Monday, July 20, 2009

bouncing thoughts

there's really a ton to go on in your post lizzie. i think those are some of the same questions being asked in relation to 'modern' and 'postmodern' maps.

-i agree that the material limitation of the page is a factor, but the theorists i'm reading are more concerned with the terms of representation on the page than its actual materiality. the difficulty of map 'projections', that is, accurately mapping a curved space onto a 2d space, has been around since the age of exploration, more than 500 years. there was never any contention over whether the earth was flat or not--that debate is a total modern fabrication.
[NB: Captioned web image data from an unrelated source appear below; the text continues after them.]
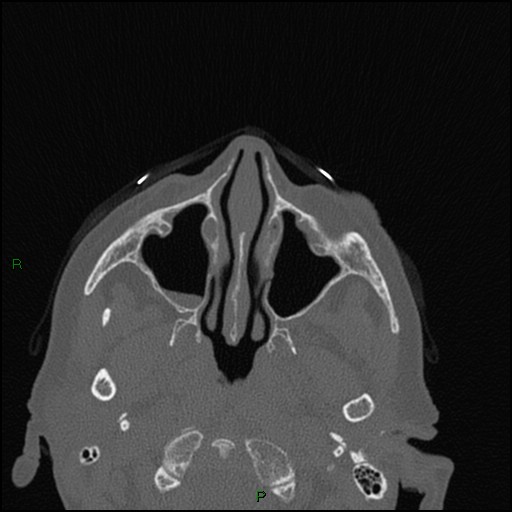 Bilateral frontal mucoceles (Radiopaedia 82352-96454 Axial bone window 190).jpg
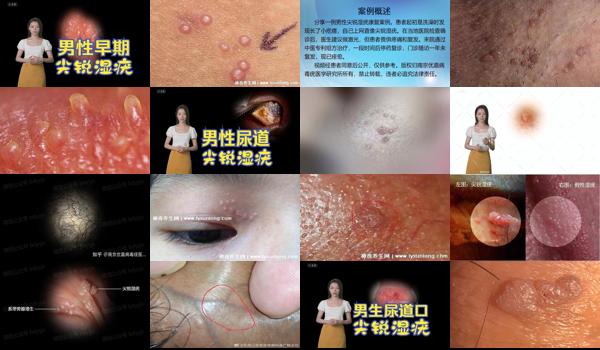 汕头治疗尖锐*好的医院 - 汕头男性尖锐初期图片百度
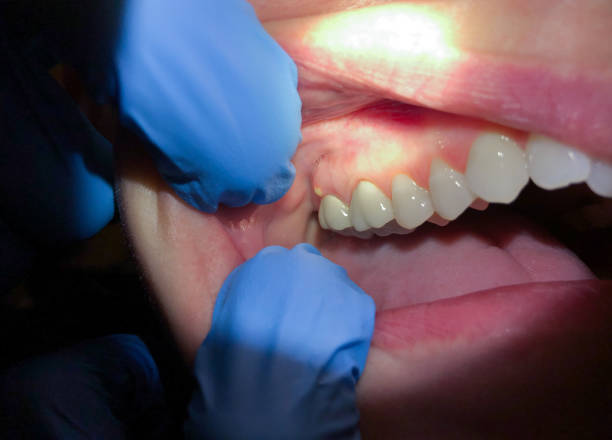 Best Emergency Dental Care for Abscessed Tooth in Shannon, GA
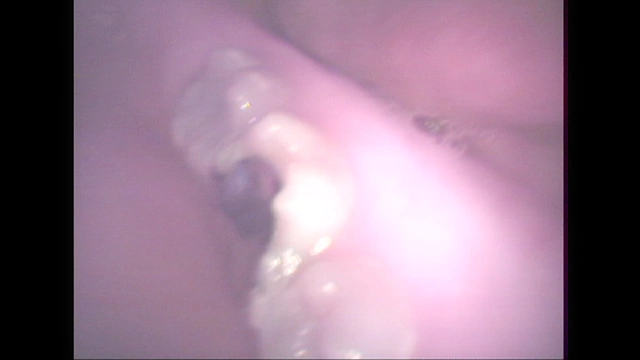 歯12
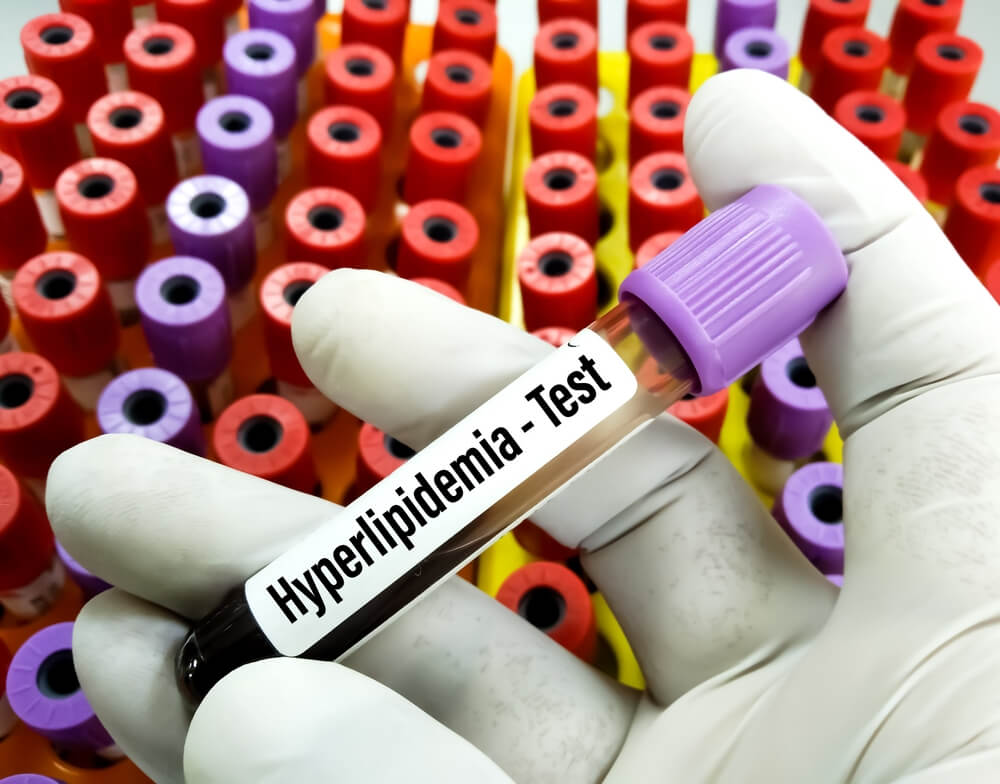 Hyperlipidemia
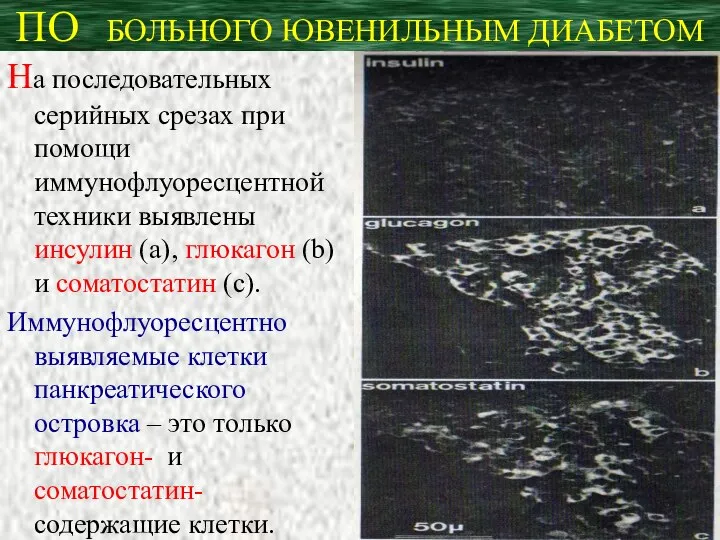 ПО БОЛЬНОГО ЮВЕНИЛЬНЫМ ДИАБЕТОМ На последовательных серийных срезах при помощи иммунофлуоресцентной техники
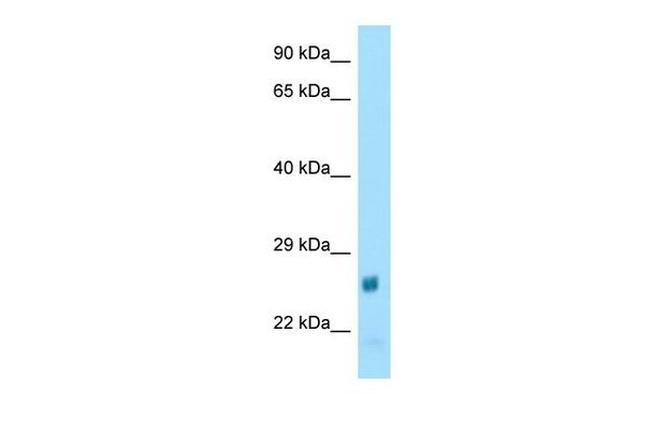 NAT15 Antibody in Western Blot (WB)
so, globes have been around for nearly just as long, only they were a lot more expensive to make. but needless to say, deconstructing/altering materiality and dimensions of a map is a way for advancement. in terms of buckminster fuller's dymaxion map, it is a map that is both 2d and 3d. what's killer is not just being able to witness that dimensional transformation, but how the world is represented in the 2d version. not only is it a relatively accurate projection, but (1) the land mass of the world is represented as being nearly contiguous, rather than separated and (2) the 'center' of the map is no longer based on european trade routes. so whatever ideology existed in the format of early maps (which either had the west as center for biblical or economic reasons).

check out the map on the shower curtain that's in the sheldon street bathroom. it has the world represented, but it also contains the cosmos and the heavens. i don't know if it's even an actual map, but minca talks a lot about the 'metaphysics of representation'. we should consider the relationship between the view, the map, what the map physically represents, and what (ideologically) the cartographic representation of the physical space represents. how different is it that one map represents that proximity of god, and another represents colonial acquisitions?

one last bit:

minca also talks about the 'world as exhibition', which is a big keyword in postmodern theory (disneyland being the prime example). that is, a space does not reflect an ideology or represent the 'other' so much as exhibit it.

on trash-iotics:

i found an interesting, almost disturbing coincidence, thinking about the sci-li as exhibition (the first high rise library ever, btw, and considered to be an architectural failure). it's done in the 'brutalist' style, which i think speaks for itself.

a famous brutalist complex was the pruitt-igoe project. founded as a sort of low-income utopia, the project failed and was later (very symbolically) demolished.

and another complex by the same architect, symbolically built, symbolically destroyed? The WTC.